There are two sides to the fighting in Haze - the nectar pumped Mantel troopers, and the guerillas of the Promised Hand. It’s not much of a spoiler to reveal that during the course of the game, you switch from one side to the other, in a typical shooter plot twist.
The action doesn’t get much better when you switch sides, however. Sure, you don’t have to deal with day-glo guerilla whack-a-mole and screaming frat-boy buddies anymore, but you’re just exchanging it for a pack of overly gimmicky special moves. Oh, and your irritating team-mates will now speak with a Latin accent, so there’s that, too.

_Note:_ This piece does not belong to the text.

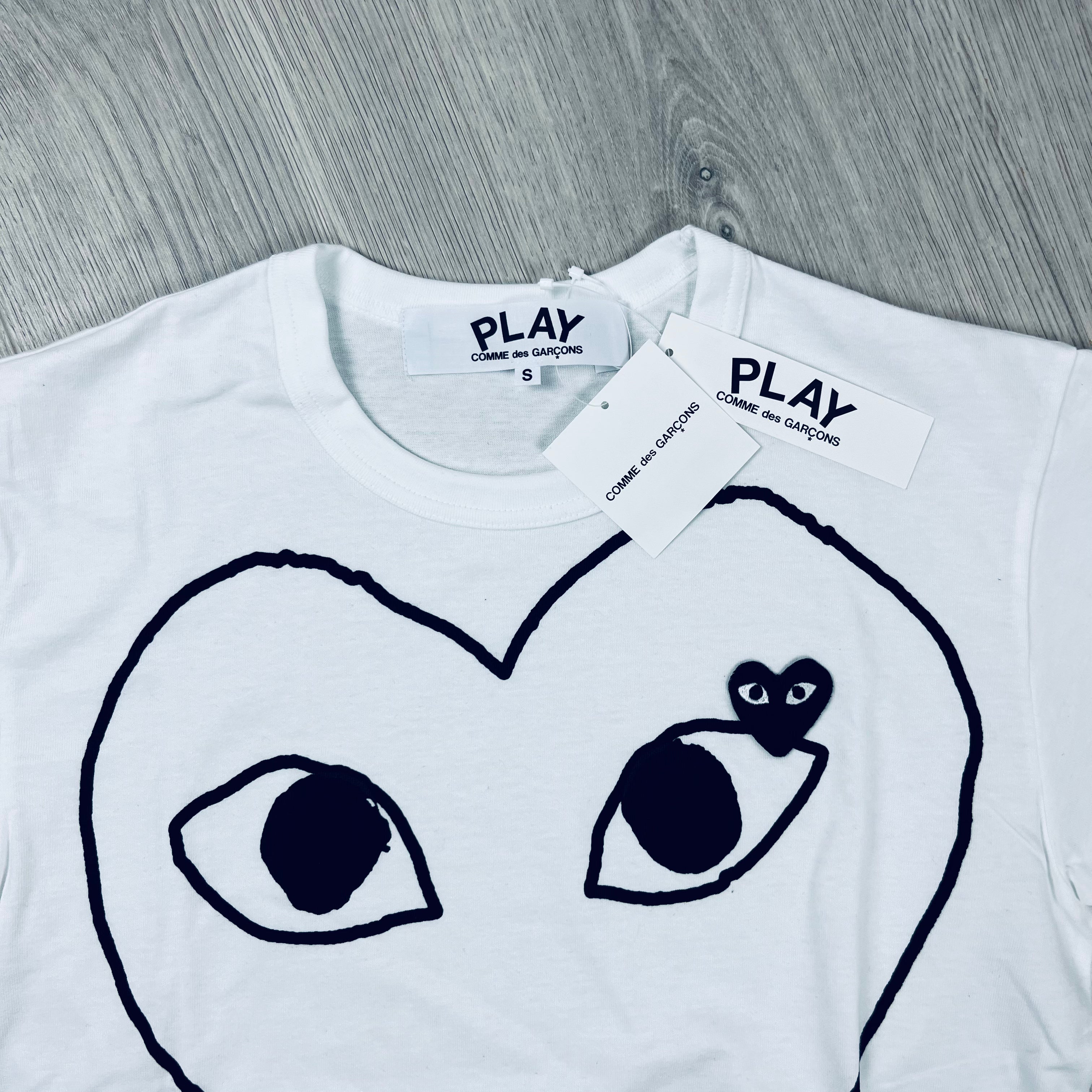 Comme des Garçons PLAY T-Shirt - White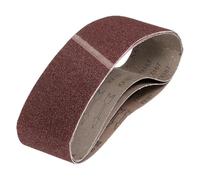 QUARKZMAN 100mm x 915mm Bandes de Ponçage, 3 Pcs 36 Grits Bande Abrasive en Oxyde D'Aluminium pour Travail du Bois, Polissage du Métal, Affûteuse de Couteaux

As a Promised Hand guerilla, you lose access to nectar, but gain throwing knives, gimmick grenades, the ability to set booby traps and play dead. Mantel Troopers on a ‘nectar high’ can’t see dead bodies, apparently. Oddly, though, once you start fighting against those Mantel troopers, nectar doesn’t seem so impressive anymore. None of your Mantel enemies have the nigh-invulnerability you possessed, and they don’t seem particularly good at seeing through cover, either. They still yell the same annoying crap they did when they were on your side, they still run into things and shoot each other like idiots. Then again, so do your new allies. Friendly fire is all too real in Haze – almost to the point of absurdity.
Haze carried a lot of buzz and a massive ad campaign from UbiSoft but do yourself a favor and skip it—there are simply far better games worth buying or even renting. Every developer is allowed to lay an egg, and this is definitely Free Radical’s turn to drop one.